I am married and we have two children aged ten and 12. They were both born up in Edinburgh and we now live in fairly rural Hampshire.

I've always been a bit of a sports-mad person and I used to play a lot of football and cricket, and now I play golf and try to keep fit by running. I've done a few marathons.

Throughout the year during this lockdown, I do find it quite therapeutic to go out and get some exercise and do some running. Nobody in my family was a dentist! My parents both started working life as hairdressers.

My first job after graduating was as a labourer on various building sites in London just trying to earn some money. It was that time when there was a lot of building renovations so we did the renovating of old blocks of flats and old buildings in Pimlico in London.

Coming out of university, I wasn't that clear about what to do but I was interested in policy work and that's when I went into that quasi civil service job at the Polytechnics and Colleges Funding Council.

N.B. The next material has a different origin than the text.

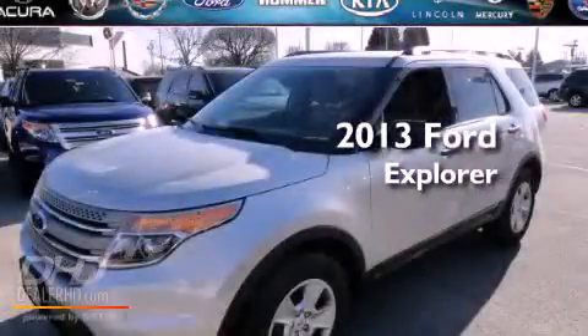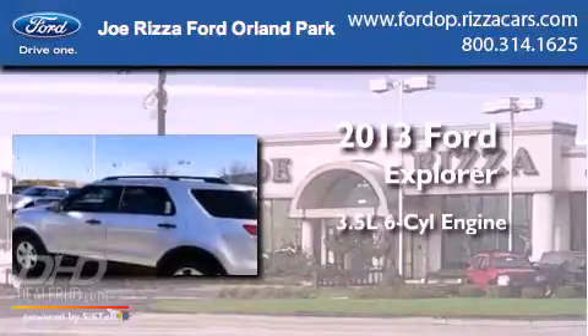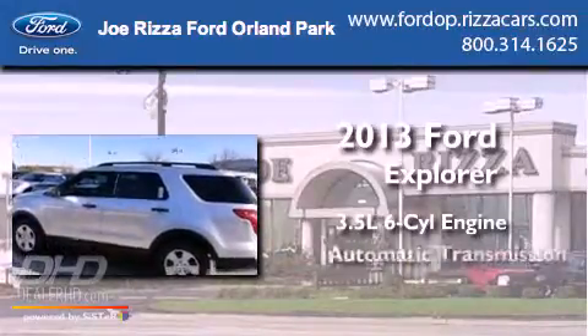This is a brand new 2013 Ford Explorer. It has a 3.5 liter 6-cylinder engine and an automatic transmission.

I then saw a job advertised at the BMA initially in policy development, so I got involved in doing that and I liked it. Gradually, I got involved in contract and pay negotiation activity and then developed an interest in industrial relations work representing members in their individual circumstances in discussions and negotiations with employers.

Gradually, I found my way into more senior jobs. I did an MBA (completed in 2008) and was promoted to more senior roles. I was appointed as what was then called the Scottish secretary - the director for the BMA in Scotland - and moved up to Edinburgh.

I did love living in Edinburgh. It's a great city to live in, it's beautiful and it's got everything you want from a city. I'm quite a keen golfer and there is plenty of good quality golf around there which was really appealing.

Having left the BMA, and from a BDA perspective, what's quite interesting is the perception amongst professional associations and amongst trade unions of the BMA as being a powerful, successful trade union and professional body on behalf of its members.

I have met dentists who say 'I wish that the BDA was a bit more like the BMA'.

The two organisations are fundamentally different in terms of their size and their reach but what is interesting is how the perception of the BMA externally, as this all-powerful organisation, is certainly not shared by doctors universally.

Nevertheless, it was a great experience at the BMA. I was lucky to be involved in quite a wide range of things from advising and representing individual members to more collective work. You really see in that role how important that kind of individual representation of members is and you've got the livelihood of an individual member in your hands when you are representing them at a disciplinary hearing.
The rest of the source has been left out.